Cependant, le duc Jean, son père, qui redou­tait peut-​être de le voir embras­ser la car­rière ecclé­sias­tique ou reli­gieuse, et dési­reux de le façon­ner à la vie du monde, pour laquelle François éprou­vait d’ailleurs un cer­tain attrait, sol­li­ci­ta de Charles-​Quint1, en faveur de son fils (1522), les fonc­tions de page d’honneur de l’infante Cathe­rine. Mais cette der­nière fut obli­gée de quit­ter l’Espagne en 1525, lors de son mariage avec Jean III, héri­tier de la cou­ronne de Por­tugal ; don Jean de Borgia rap­pe­la son fils et lui fit ache­ver ses études auprès de l’archevêque de Saragosse. Moins de trois ans après, le 8 février 1528, François deman­dait à entrer au ser­vice de l’empereur. Il fut agréé et retour­na à la cour à Valladolid. C’est pen­dant qu’il s’y ren­dait que, tra­ver­sant Alcala, il ren­con­tra un pauvre homme que les offi­ciers de l’Inquisition emme­naient en pri­son : le fils du duc de Gandie regar­da ce mal­heu­reux avec tant de bon­té, qu’un doc­teur de l’Université en fut tou­ché. Or, le pri­son­nier n’était autre qu’Ignace de Loyola, le futur fon­da­teur de la Com­pagnie de Jésus ; le doc­teur devait prendre rang par­mi ses dis­ciples et François lui-​même deve­nir le deuxième suc­ces­seur de saint Ignace.

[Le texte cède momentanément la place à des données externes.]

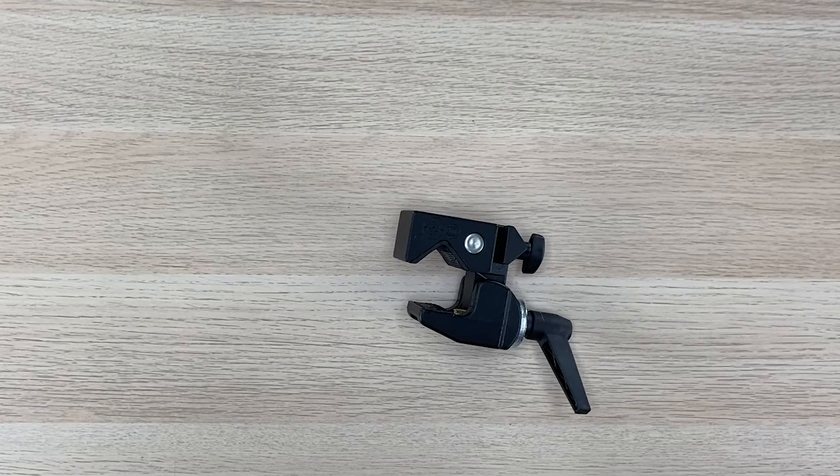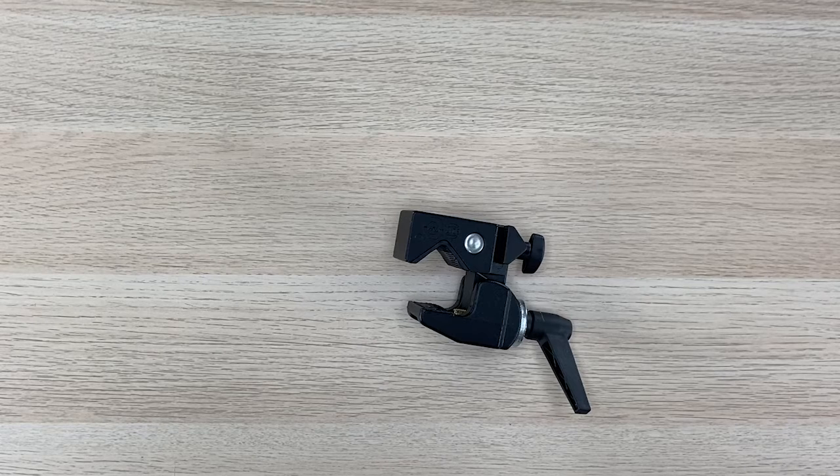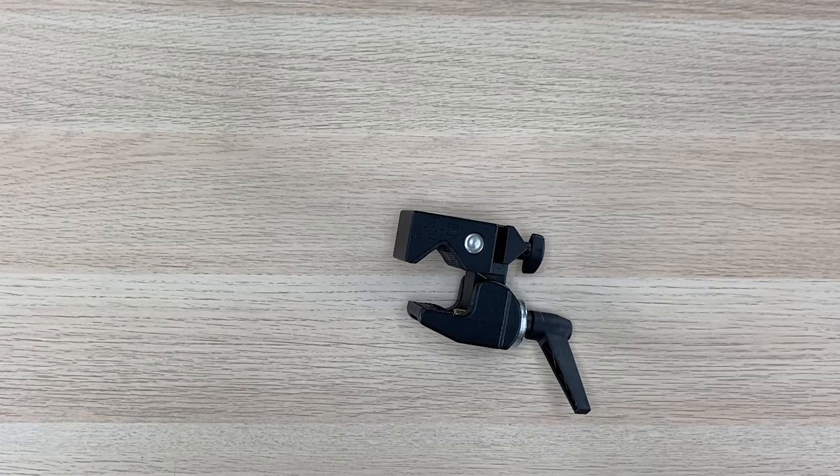Hi, my name is Jason from AbleNet. Today I'm going to give you a quick overview of the super clamp that goes with our mounting systems.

A la cour, ses qua­li­tés morales, ses apti­tudes phy­siques, autant que ses talents natu­rels, assu­raient au jeune et brillant sei­gneur une belle car­rière. Mais le milieu pré­sen­tait des dan­gers et il le com­prit. Aussi se décida-​t-​il à prendre tous les moyens pour se pré­mu­nir contre la cor­rup­tion. Les sacre­ments reçus avec pié­té plu­sieurs fois par an et la dévo­tion à la Sainte Vierge furent ses armes prin­ci­pales. Toute­fois, cette vie chré­tienne, au milieu des vani­tés les plus mon­daines, ne l’empêchait pas de rem­plir auprès de l’empereur et de l’impératrice Isabelle les devoirs d’un fidèle serviteur.

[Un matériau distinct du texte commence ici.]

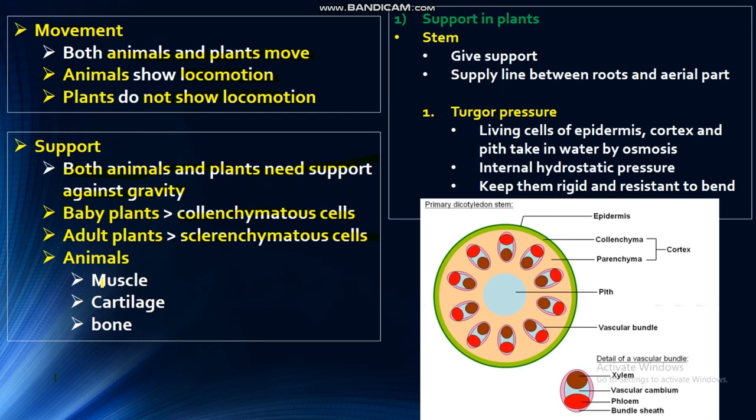If we look at animals, they have muscles, cartilage, and bones. These structures provide support. Let's start further details.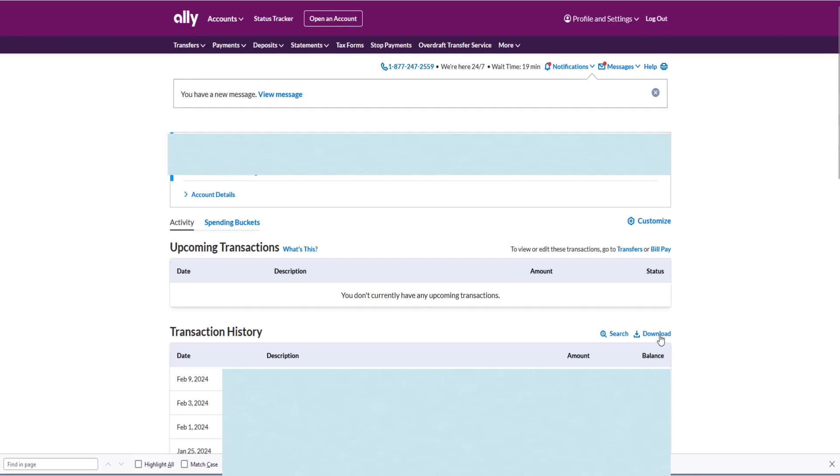But again, it's going to depend on which bank you're using, and you might have to Google how to get a CSV file of your bank transactions from your respective bank. But in this example, I'm going to be using my Ally Bank account.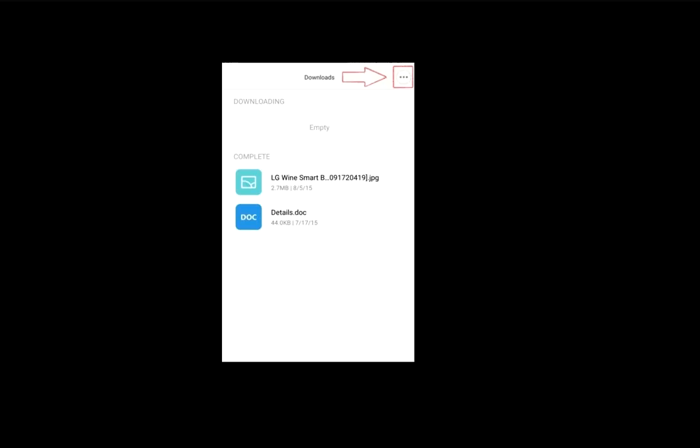And after this, click on three dots. Here you can see, just click on the three dots.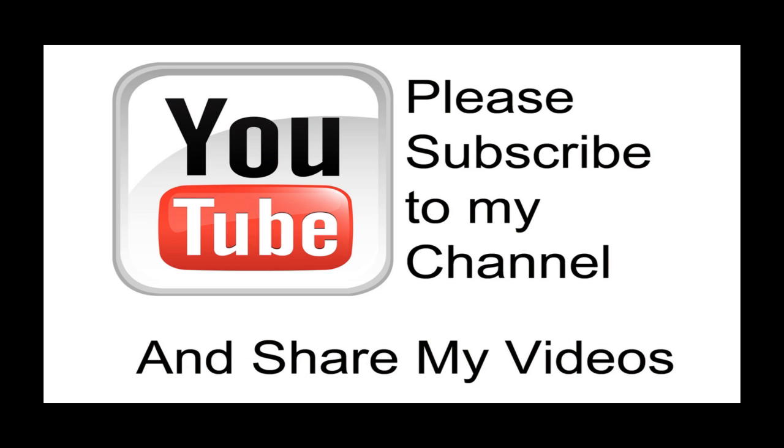Hopefully my video has been helpful to you. If it has been, please subscribe to my channel. And by all means, please share my videos.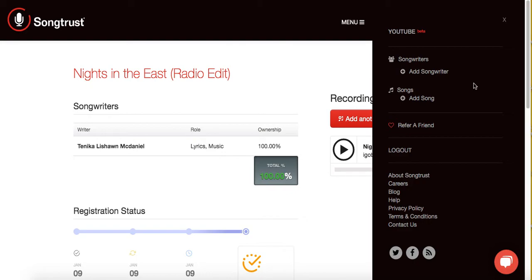If you're not registered on SongTrust and you want to get registered, click the link in the description, use my promo code, get registered, and refer back to this video when it's time to register your first song. If you haven't subscribed to my YouTube channel, make sure you subscribe and hit the notification bell — I upload content about myself and tutorial videos so you guys get to know how I do what I do. Let's collect this money — keep it locked!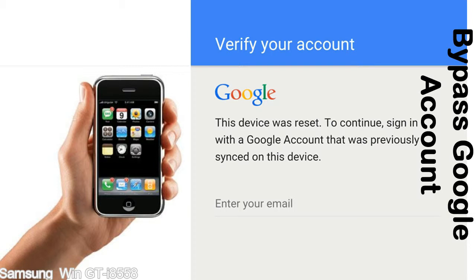This FRP lock is developed by Google, and we provide our FRP unlock solution for free. Today we are providing the methods to unlock FRP lock phones. You can use this solution for almost all FRP lock devices.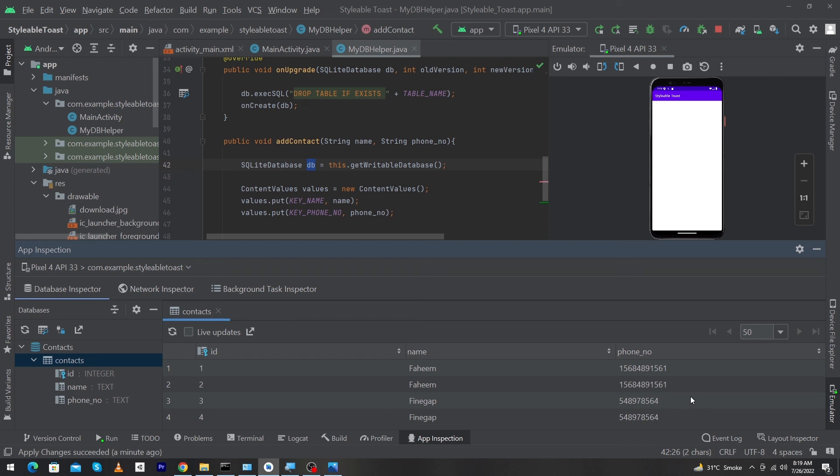By using this technique you can insert data inside your SQLite database. If you have any questions related to this tutorial, you can ask in the comment section. Please share this video with friends who want to learn Android app development. Thanks for watching!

Charles-​Quint, char­mé des ver­tus et de la dis­tinc­tion de François de Borgia, lui don­na en mariage une jeune Portugaise, Eléonore de Castro, demoi­selle d’honneur par­ti­cu­liè­re­ment chère à l’impératrice et qu’il dota riche­ment. Le mariage eut lieu au mois de juillet 1529 ; l’année sui­vante, l’empereur éle­va pour lui en mar­qui­sat la baron­nie de Lombay qu’il avait reçue en dot, et fit du nou­veau mar­quis son grand-​veneur et le grand-​écuyer de l’impératrice.

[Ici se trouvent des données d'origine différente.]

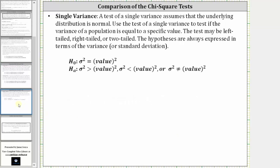Finally we have single variance. A test of a single variance assumes that the underlying distribution is normal. Use the test of a single variance to test if the variance of a population is equal to a specific value. The test may be left-tailed, right-tailed, or two-tailed. The hypotheses are always expressed in terms of the variance or standard deviation, where the null hypothesis is the variance is equal to the square of a value, and the alternative hypothesis can involve greater than, less than, or not equal.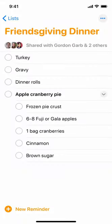Once the list is shared, your friends can add and delete items, or mark them as completed. And that's how you get more done together.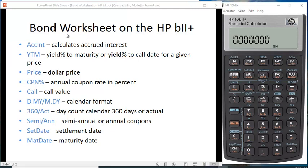I want to show you how to use the bond worksheet on the HP B2 Plus financial calculator. The first thing you want to know how to do is how to clear the bond worksheet.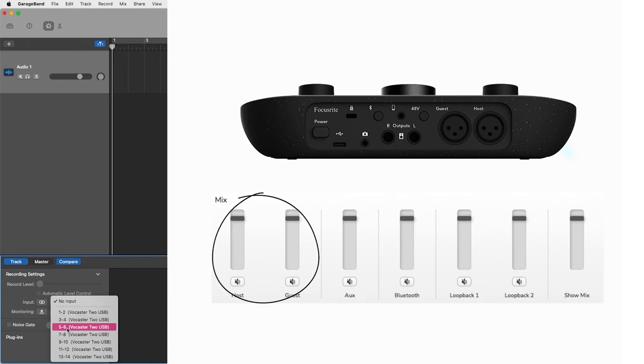Inputs 5 and 6, host microphone and guest microphone are your vocaster's host and guest microphone inputs combined. This would be both host and guest inputs being used simultaneously recording a source in stereo.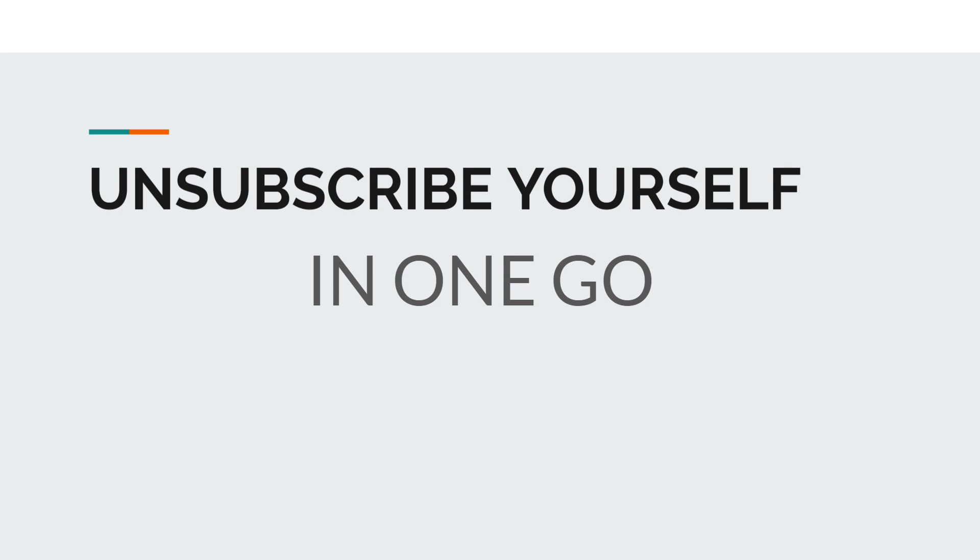Somehow you have subscribed to those emails or organizations in the past, but you no longer need to be subscribed to them. However, if you want to unsubscribe from all those companies or institutes, you have to go to each and every email.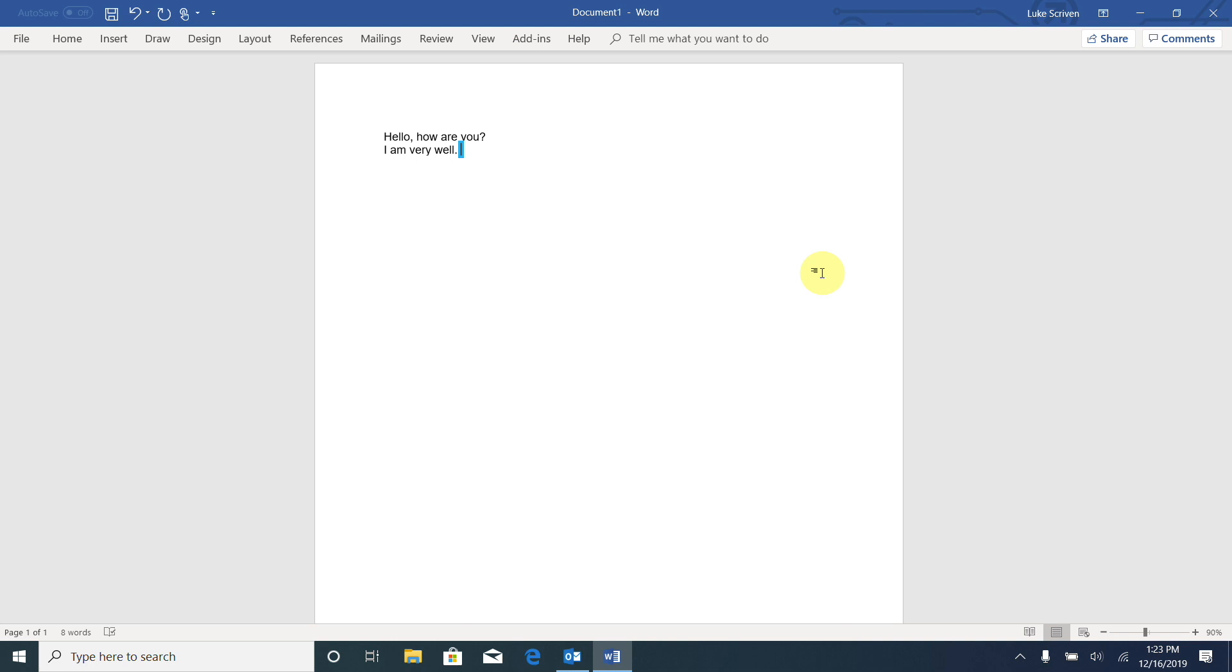So the first thing that we need to do before we have something read to us is move the cursor to where we want it to be read from. For example, I want to have this document read from the start of the first line, so I need to move my cursor there.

Mort de l’impératrice Isabelle.

Le jeune mar­quis sui­vit Charles-​Quint sur les champs de bataille, dans une expé­di­tion mal­heu­reuse en France. Une grave mala­die qu’il eut ensuite, à Ségovie, à la suite de cette entre­prise, le déci­da à fuir le monde dans la mesure du pos­sible. Il devint plus pieux, prit l’habitude de se confes­ser tous les mois, pra­tique bien rare alors ; aux diver­tis­se­ments bruyants ou dan­ge­reux, il pré­fé­rait la chasse, les oiseaux et la musique, et à par­tir de 1532, il aimait écrire des com­positions d’église, sur­tout pour l’orgue ; la Missa sine nomine attri­buée au célèbre Roland de Lassus est vrai­sem­bla­ble­ment l’œuvre par­tielle de l’héritier des ducs de Gandie.

Peu à peu, le bon Dieu l’attirait vers lui. Un nou­vel évé­ne­ment, aus­si tra­gique qu’imprévu, fit sur son âme une impres­sion pro­fonde : la mort de l’impératrice Isabelle, sur­ve­nue le Ier mai 1539 à Tolède, au milieu des fêtes brillantes qui accom­pa­gnaient la réunion des Etats ou Cortes.

La dépouille d’Isabelle devait être dépo­sée dans le caveau des rois, à Grenade. L’usage vou­lait qu’elle fût conduite sous escorte jusqu’à sa der­nière demeure. Charles-​Quint confia cette mis­sion déli­cate au mar­quis de Lombay, grand-​écuyer de l’impératrice. Celui-​ci par­tit avec le cadavre, accom­pa­gné d’officiers et de gens d’une impor­tante suite. Sur le che­min, des peuples accou­raient en foule, comme pour venir dire un der­nier adieu à leur bien­fai­trice. Arrivé à Grenade le 16 mai, le convoi funèbre s’avança entre deux haies de sol­dats jusqu’à la cathédrale.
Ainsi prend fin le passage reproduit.